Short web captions
+--

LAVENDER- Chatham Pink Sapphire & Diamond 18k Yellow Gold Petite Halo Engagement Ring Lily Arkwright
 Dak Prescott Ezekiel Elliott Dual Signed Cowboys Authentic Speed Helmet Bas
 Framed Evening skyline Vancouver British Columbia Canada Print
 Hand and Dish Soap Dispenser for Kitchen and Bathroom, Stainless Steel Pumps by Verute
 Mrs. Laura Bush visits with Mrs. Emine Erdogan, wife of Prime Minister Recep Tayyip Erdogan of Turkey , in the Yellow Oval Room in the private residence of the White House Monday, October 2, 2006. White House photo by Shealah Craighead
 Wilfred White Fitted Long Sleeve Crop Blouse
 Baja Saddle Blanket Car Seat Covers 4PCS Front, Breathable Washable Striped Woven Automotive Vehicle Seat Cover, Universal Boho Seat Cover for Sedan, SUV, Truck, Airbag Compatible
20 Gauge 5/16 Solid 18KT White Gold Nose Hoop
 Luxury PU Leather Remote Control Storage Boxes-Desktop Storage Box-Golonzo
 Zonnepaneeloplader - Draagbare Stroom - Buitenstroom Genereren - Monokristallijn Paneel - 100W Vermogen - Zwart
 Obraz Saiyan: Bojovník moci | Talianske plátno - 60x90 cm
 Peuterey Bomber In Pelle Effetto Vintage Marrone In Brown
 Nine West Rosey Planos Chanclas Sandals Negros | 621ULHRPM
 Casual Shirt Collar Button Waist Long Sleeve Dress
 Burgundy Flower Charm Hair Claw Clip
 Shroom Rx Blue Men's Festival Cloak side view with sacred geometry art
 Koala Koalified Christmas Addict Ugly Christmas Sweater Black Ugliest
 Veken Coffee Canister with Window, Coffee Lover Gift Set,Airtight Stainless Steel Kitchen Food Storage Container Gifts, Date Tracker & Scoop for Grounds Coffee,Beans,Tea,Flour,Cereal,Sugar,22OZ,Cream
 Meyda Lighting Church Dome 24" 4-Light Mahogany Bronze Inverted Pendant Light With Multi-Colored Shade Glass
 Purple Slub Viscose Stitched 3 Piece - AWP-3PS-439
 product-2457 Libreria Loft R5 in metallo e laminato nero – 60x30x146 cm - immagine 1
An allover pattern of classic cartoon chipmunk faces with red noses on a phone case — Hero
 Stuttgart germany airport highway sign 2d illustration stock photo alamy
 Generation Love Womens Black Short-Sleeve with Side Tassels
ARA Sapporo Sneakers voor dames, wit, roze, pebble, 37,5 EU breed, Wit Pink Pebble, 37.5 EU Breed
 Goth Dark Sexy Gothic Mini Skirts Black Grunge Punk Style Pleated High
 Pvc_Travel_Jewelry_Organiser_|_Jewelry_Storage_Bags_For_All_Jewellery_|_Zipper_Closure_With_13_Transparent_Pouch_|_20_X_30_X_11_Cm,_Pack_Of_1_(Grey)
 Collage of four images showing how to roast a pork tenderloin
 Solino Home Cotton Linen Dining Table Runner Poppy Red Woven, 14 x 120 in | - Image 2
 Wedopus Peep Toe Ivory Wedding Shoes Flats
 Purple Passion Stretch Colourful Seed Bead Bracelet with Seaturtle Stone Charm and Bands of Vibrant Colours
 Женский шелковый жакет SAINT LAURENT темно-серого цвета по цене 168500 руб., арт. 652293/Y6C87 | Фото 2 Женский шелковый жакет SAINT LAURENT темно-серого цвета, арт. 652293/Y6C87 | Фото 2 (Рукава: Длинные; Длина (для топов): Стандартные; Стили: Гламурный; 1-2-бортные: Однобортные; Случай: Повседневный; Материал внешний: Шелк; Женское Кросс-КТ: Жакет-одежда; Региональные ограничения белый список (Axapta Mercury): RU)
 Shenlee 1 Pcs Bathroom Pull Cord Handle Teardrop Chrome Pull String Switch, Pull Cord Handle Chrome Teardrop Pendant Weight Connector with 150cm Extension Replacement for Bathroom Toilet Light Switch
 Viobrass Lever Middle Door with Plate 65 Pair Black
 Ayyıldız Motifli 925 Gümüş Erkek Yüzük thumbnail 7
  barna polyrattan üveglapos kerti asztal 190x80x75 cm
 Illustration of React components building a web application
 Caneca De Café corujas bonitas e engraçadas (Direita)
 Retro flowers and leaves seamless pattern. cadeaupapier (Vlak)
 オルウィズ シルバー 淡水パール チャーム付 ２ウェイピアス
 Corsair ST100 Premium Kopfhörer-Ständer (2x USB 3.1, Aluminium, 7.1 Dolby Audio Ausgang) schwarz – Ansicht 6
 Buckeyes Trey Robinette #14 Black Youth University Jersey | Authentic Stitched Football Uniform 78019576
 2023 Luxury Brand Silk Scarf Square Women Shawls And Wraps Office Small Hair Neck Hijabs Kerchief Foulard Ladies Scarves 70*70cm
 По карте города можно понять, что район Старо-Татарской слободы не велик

+--

**WORK ITEM**
In the entries above, the lines from the one bearing "barna polyrattan üveglapos" up to and including the one bearing "オルウィズ シルバー 淡水パール チャーム付 ２ウェイピアス" should be transcribed exactly; no other line is wanted.

**RESULT**
  barna polyrattan üveglapos kerti asztal 190x80x75 cm
 Illustration of React components building a web application
 Caneca De Café corujas bonitas e engraçadas (Direita)
 Retro flowers and leaves seamless pattern. cadeaupapier (Vlak)
 オルウィズ シルバー 淡水パール チャーム付 ２ウェイピアス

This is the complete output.